Pour nous, il ne s’agit pas de mettre un frein à l’innovation technologique ou à l’automatisation d’un certain nombre de tâches répétitives et parfois usantes pour les salariés, il s’agit d’une conception selon laquelle une industrie, et plus largement une économie, en mutation ne peut évoluer en s’exonérant de la solidarité et la responsabilité du patronat.
Au lieu d’avoir recours au licenciement qui, au bout du compte pèse sur la solidarité nationale, l’objectif du patronat devrait être de former les salariés à de nouvelles tâches plus valorisantes.
Voilà tout le sens de notre amendement. Il tend à amener le patronat, mais également les syndicats, à réfléchir aux conséquences des suppressions sèches de postes de travail et du remplacement de salariés par des machines.

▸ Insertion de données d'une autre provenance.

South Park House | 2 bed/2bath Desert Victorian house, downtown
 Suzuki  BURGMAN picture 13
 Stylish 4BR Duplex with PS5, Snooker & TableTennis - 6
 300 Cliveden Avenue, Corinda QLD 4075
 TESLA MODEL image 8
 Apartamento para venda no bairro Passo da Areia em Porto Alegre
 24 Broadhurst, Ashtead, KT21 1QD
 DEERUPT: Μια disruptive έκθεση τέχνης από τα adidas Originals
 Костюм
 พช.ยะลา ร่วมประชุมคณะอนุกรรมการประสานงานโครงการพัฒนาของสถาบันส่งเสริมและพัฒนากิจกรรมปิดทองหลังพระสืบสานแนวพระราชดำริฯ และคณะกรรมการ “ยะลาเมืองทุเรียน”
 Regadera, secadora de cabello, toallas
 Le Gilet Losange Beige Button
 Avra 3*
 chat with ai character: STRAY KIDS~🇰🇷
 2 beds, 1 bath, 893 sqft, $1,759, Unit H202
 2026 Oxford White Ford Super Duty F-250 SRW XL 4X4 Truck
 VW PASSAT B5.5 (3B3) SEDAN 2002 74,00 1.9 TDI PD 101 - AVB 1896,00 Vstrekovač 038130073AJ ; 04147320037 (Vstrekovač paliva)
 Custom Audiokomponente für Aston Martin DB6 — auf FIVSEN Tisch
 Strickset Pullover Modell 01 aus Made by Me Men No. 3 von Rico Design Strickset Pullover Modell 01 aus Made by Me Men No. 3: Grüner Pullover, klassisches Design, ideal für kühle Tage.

Nous savons combien dans le monde du travail, dès le XVIIIe siècle en Angleterre ou chez les canuts de Lyon, des réticences se sont exprimées contre l’automatisation, quelquefois de manière violente. Je ne vous citerai pas ici les belles pages sur ce sujet écrites par Zola dans Germinal. Intuitivement, les ouvriers ont parfois rejeté ces modernisations parce qu’ils savaient qu’elles entraîneraient leur licenciement. C’était une époque où la protection sociale n’existait pas.
Puisque ce débat traverse le monde du travail depuis l’automatisation, il convient que nous inventions une solidarité nouvelle face aux avancées technologiques. Oui, les machines peuvent et doivent cotiser !
Nous espérons que nos collègues qui avaient soutenu un amendement analogue dans le projet de loi de financement de la sécurité sociale pour 2012 auront à cœur de confirmer leur vote.